My organization produces engineering simulation software with GPU acceleration. We have recently decided to start using CUDA and we are investigating the best way to integrate it into our build system. As i see it we have 2 options:
- Compile all of our device code at runtime using the nvrtc library. I think this would involve very few modifications to our build and distribution systems other than adding the necessary new libraries. It would also allow optimisations involving dynamic code generation.
- Introduce nvcc into our build system to allow compile time compilation of CUDA code. This would involve some larger changes to our build system, but it might be worth it if it brings advantages for development.
My question is what benefits/disadvantages there would be with adding compile time CUDA compilation (possibly using a mixed approach using nvrtc for some things)? My preliminary thoughts are the following, which might be misguided:
- Compile time CUDA compilation allows less boilerplate code for setting up and running gpu kernels, and allows 'nice' features like being able to mix the host and device code in the same file.

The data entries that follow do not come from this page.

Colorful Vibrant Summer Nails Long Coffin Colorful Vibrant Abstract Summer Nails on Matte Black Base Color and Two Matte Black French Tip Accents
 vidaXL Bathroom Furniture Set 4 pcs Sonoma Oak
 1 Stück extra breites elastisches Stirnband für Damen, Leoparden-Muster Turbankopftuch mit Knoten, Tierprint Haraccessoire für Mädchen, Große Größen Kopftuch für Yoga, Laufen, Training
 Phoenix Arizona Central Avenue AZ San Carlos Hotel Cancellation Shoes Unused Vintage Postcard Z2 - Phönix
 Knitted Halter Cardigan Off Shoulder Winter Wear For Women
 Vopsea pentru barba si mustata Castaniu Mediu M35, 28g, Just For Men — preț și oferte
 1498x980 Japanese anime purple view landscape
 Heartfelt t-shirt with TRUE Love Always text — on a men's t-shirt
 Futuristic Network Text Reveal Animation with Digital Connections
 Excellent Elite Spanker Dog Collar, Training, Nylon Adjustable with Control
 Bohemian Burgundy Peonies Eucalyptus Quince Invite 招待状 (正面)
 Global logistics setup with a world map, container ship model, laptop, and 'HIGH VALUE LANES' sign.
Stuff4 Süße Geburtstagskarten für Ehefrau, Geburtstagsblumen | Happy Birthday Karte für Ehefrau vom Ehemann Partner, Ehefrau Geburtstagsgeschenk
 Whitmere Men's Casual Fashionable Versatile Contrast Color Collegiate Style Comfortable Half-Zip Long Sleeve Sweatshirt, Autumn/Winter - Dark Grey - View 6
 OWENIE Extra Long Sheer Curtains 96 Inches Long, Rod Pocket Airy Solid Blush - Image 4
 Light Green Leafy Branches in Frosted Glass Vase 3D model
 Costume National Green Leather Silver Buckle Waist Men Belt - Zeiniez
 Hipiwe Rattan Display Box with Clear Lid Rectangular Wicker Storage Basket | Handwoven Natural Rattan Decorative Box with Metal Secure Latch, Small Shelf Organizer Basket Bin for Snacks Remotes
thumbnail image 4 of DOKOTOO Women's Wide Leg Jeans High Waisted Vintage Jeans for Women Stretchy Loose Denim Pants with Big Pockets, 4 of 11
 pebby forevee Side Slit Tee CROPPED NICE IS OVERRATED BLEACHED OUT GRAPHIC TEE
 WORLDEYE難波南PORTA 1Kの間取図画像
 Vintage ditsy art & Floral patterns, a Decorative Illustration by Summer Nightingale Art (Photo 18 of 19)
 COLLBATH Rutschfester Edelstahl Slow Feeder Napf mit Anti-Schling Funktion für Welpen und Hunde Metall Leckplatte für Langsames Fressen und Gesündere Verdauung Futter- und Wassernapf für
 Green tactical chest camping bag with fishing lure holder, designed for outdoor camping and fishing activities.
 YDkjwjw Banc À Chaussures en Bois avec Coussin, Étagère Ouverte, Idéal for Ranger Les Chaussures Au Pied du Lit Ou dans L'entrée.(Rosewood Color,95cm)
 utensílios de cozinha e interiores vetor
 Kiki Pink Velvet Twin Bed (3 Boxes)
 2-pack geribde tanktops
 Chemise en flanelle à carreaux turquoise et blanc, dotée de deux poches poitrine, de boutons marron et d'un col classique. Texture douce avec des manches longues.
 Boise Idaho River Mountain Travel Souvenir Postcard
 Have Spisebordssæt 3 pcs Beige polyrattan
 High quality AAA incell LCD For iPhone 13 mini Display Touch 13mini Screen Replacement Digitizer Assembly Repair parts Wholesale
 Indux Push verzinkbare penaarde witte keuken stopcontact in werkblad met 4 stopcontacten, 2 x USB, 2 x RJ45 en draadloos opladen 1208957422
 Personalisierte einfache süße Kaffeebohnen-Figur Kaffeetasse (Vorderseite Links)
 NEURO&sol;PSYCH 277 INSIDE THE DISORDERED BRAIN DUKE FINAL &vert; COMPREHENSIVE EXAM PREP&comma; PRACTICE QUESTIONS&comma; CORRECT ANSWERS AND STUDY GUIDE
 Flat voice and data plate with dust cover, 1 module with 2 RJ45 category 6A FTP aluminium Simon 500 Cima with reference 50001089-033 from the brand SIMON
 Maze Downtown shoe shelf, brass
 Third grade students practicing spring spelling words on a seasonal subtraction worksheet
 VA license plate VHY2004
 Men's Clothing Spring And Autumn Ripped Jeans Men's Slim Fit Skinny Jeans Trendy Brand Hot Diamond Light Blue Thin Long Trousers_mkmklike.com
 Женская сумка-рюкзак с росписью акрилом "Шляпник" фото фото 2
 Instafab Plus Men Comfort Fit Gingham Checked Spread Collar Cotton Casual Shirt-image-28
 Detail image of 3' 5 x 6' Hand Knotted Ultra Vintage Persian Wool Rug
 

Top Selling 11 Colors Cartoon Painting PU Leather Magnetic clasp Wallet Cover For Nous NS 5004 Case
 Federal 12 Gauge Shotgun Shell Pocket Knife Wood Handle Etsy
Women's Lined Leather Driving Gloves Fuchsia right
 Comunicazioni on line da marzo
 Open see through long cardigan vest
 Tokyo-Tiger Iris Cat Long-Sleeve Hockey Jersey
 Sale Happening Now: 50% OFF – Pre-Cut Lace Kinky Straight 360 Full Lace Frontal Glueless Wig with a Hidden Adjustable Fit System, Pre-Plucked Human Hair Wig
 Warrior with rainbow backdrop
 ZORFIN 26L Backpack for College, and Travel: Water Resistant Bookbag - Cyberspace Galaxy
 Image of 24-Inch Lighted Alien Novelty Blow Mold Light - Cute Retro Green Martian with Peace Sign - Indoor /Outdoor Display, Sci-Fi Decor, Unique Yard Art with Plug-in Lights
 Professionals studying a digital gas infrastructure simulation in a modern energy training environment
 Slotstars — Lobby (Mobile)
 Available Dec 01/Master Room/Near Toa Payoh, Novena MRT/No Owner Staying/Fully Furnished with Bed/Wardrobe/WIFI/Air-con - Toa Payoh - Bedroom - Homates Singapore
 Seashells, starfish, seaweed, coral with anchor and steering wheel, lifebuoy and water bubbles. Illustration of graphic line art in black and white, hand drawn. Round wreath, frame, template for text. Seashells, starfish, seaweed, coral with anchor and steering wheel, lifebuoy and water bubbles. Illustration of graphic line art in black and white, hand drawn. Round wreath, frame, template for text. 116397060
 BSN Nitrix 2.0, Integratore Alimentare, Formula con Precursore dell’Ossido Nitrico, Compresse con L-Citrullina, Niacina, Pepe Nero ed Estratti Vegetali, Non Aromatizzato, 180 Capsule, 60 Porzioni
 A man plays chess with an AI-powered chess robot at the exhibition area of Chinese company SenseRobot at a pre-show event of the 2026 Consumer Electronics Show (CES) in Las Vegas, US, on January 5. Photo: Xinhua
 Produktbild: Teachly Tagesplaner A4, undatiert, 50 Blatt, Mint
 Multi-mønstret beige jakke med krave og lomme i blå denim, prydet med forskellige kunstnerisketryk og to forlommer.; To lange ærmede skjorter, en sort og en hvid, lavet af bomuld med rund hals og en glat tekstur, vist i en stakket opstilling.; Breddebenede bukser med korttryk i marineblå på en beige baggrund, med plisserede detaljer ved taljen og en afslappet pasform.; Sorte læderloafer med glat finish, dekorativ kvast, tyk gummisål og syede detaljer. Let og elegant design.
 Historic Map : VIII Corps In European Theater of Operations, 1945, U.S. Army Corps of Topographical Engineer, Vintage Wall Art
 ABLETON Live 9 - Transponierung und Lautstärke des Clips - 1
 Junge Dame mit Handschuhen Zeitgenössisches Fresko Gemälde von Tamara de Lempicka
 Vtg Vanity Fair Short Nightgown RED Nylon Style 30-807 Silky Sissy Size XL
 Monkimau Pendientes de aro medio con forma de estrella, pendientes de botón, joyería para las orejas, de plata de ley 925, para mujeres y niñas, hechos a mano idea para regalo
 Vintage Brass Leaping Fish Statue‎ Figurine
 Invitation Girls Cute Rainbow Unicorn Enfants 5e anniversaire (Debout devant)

- Some template libraries like thrust seem to be designed to only work with compile-time CUDA compilation.
- The nvrtc library was only introduced with the CUDA Toolkit 7.0 in 2015, whereas CUDA itself has existed since 2007. Most of the examples in the cuda samples do not use nvrtc. Does this suggest that using the compile time method is the 'classic' way to use CUDA and that nvrtc is only meant for some add-on situations like dynamic code generation?
- As far as i can tell all of the debugging/profiling tools which work for compile time CUDA compilation should also work when using nvrtc, but just want to be sure of this.
Any thoughts on these issues or other benefits/disadvantages of compile time CUDA compilation would be much appreciated.